The ‘Golden Eagle Nugget’ is an interesting replica of a famous discovery and it can be found at the side of the Coolgardie-Esperance Highway in the now mostly abandoned town of Widgiemooltha, Western Australia. On January 15, 1931, a local 16-year-old named Jimmy Larcombe was working on his father’s field when he struck gold with his pick. What was found was an incredible nugget that measured 66 centimeters long, 29 centimeters tall, and 6.4 centimeters thick—the largest ever found in Western Australia.

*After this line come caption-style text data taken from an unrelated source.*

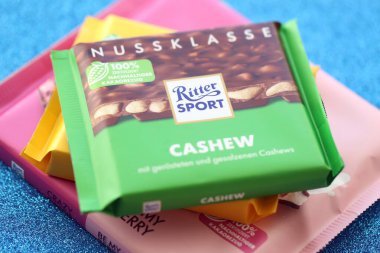 KYIV, UKRAINE - 19 Nisan 2025 Birkaç Ritter çikolatası yakın plan kağıdında. Knusperflakes tadı Kaju NussKlass ve Fruity Duo ile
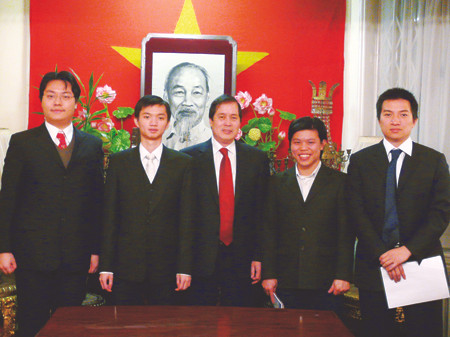 Minh Triết - Chủ tịch Hội Sinh viên VN tại Anh (thứ 2 từ trái qua)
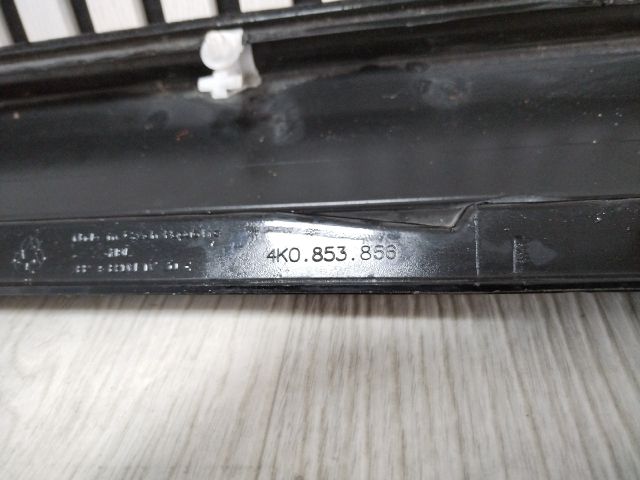 bontott AUDI A6 C8 Jobb Küszöb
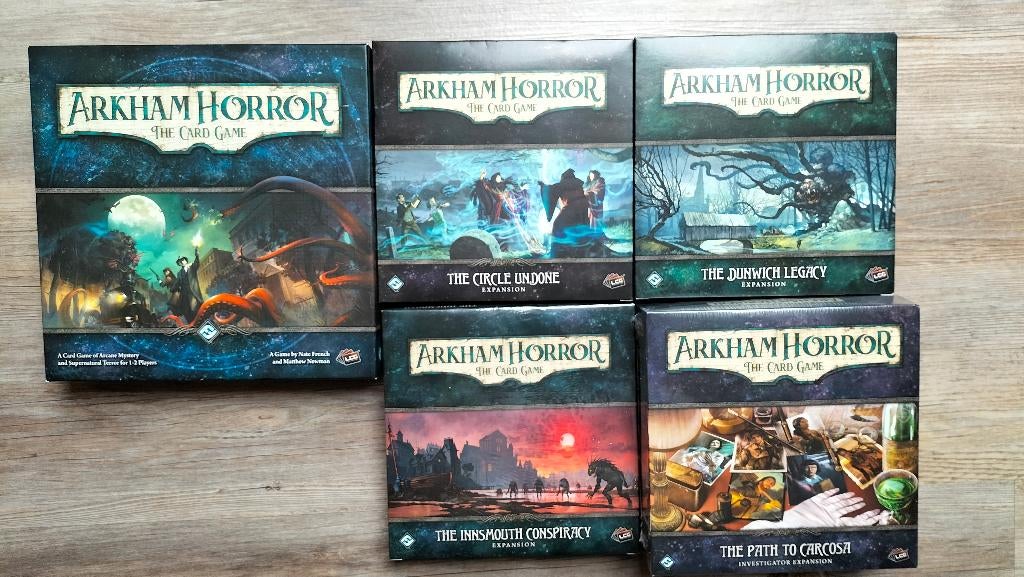 Arkham Horror - The card game (+ extensions), Hobby en Vrije tijd, Een of twee spelers, Ophalen of Verzenden, Zo goed als nieuw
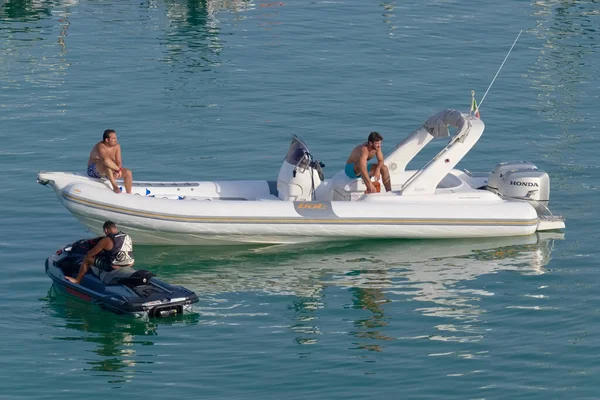 Italien Sizilien Mittelmeer Marina Ragusa Provinz Ragusa Juli 2022 Männer — Stockfoto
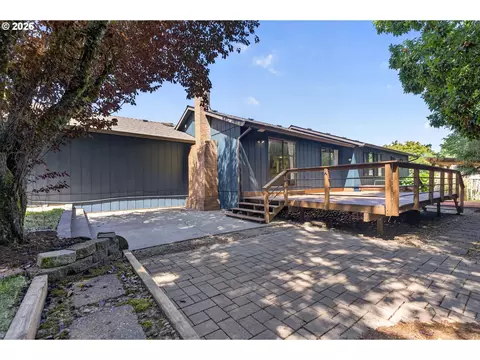 Exterior - 1074 SE Paloma Pl, Gresham, OR 97080 photo 11 of 15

The discovery of this lucrative find, later named the Golden Eagle Nugget, sparked a gold rush mostly to the locality of Larkinville. Around this time there was an economic depression in the area and the discovery brought great investment and migration of those in search of a similarly lucrative find. The hunt for gold continued for many years and in the 1960s there was a similar boom for nickel mining.
The Golden Eagle was given its name due to its rough resemblance to the iconic bird, with the diameter said to represent large outspread wings. It was sold to the Australian State Government for £5,438 and melted down to raise vital funds for the state. The model of this famous find was made at a scale of 4.7:1, and can be found on the grounds of the Widgiemooltha Tavern & Roadhouse, where the fascinating story of the gold mining history is told.
Know Before You Go
There is an area for parking at the Widgiemooltha Tavern & Roadhouse. The Widgiemooltha Golden Eagle Nugget can be found at the front of the shop.